Critics say that Mr Paulson, because of ideology, has been slow to agree to commit public funds and to push government intervention. There is something to that, but it is not the full story. Mr Paulson is a dealmaker and, foremost, a pragmatist. He held back in deference to what he thinks the industry and Congress can stomach. He did not initially ask for public funds to buy mortgage assets out of fear that Congress would say no, shaking confidence. And he originally did not seek to invest equity in part thinking that banks would refuse the money for fear of looking weak. For the same reason, when he did agree at last to equity investments, he attached few conditions.

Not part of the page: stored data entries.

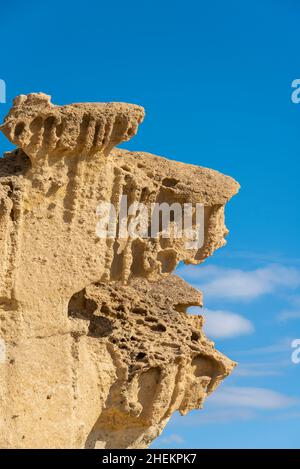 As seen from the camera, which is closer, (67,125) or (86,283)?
(67,125)

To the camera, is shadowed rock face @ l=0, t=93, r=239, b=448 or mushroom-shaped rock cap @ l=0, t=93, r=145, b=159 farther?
mushroom-shaped rock cap @ l=0, t=93, r=145, b=159

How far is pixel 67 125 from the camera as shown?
1463cm

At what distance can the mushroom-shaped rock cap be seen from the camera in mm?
14438

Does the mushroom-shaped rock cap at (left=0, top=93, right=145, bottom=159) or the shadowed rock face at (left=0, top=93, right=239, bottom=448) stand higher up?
the mushroom-shaped rock cap at (left=0, top=93, right=145, bottom=159)

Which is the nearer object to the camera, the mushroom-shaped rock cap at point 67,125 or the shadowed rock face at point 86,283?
the shadowed rock face at point 86,283

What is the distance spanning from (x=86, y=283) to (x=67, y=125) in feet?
6.40

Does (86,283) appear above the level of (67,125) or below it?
below

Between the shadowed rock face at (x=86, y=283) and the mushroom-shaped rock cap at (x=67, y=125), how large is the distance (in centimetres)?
1

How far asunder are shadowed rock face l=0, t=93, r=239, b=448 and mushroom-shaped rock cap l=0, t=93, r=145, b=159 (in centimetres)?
1

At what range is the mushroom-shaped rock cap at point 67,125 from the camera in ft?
47.4

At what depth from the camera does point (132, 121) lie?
48.9ft

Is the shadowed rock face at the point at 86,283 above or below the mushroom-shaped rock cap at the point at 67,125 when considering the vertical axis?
below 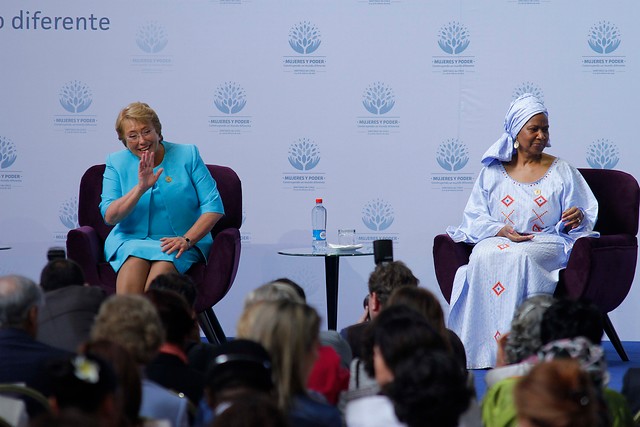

With barely two months before Barack Obama becomes president, the actions of Mr Paulson and the Fed show some sign of easing the financial crisis. Libor, the rate charged on dollar loans between banks, has fallen sharply. But the financial crisis has spawned an economic crisis and an entirely new set of demands. The car companies are not “first-round” victims of the credit crunch the way Lehman Brothers and AIG were. They are second-round victims: the credit crunch has left millions of potential customers unable to finance car purchases, crushing sales for an already weakened industry. General Motors is now at risk of running out of cash within months.
Mr Paulson yesterday said that the TARP should not be used for non-financial companies and Democrats in Congress should instead look to the recently enacted $25 billion loan programme for the companies to invest in greener vehicles. His hesitation is understandable; unlike the banks, the car companies were not healthy before the recession hit, are less able to pay the federal government back its money and are less likely to cause contagion if they fail. “Any solution has got to be leading to long-term viability,” he said.
One idea making the rounds is for the companies to file for bankruptcy protection and the federal government to provide them with “debtor in possession” financing to keep operating while they restructure themselves into smaller, leaner companies. But the companies are opposed to a bankruptcy filing, and with their time running out and both Congress and Mr Obama sympathetic to their pleas, Mr Paulson may yet again have to recognise that the facts have changed.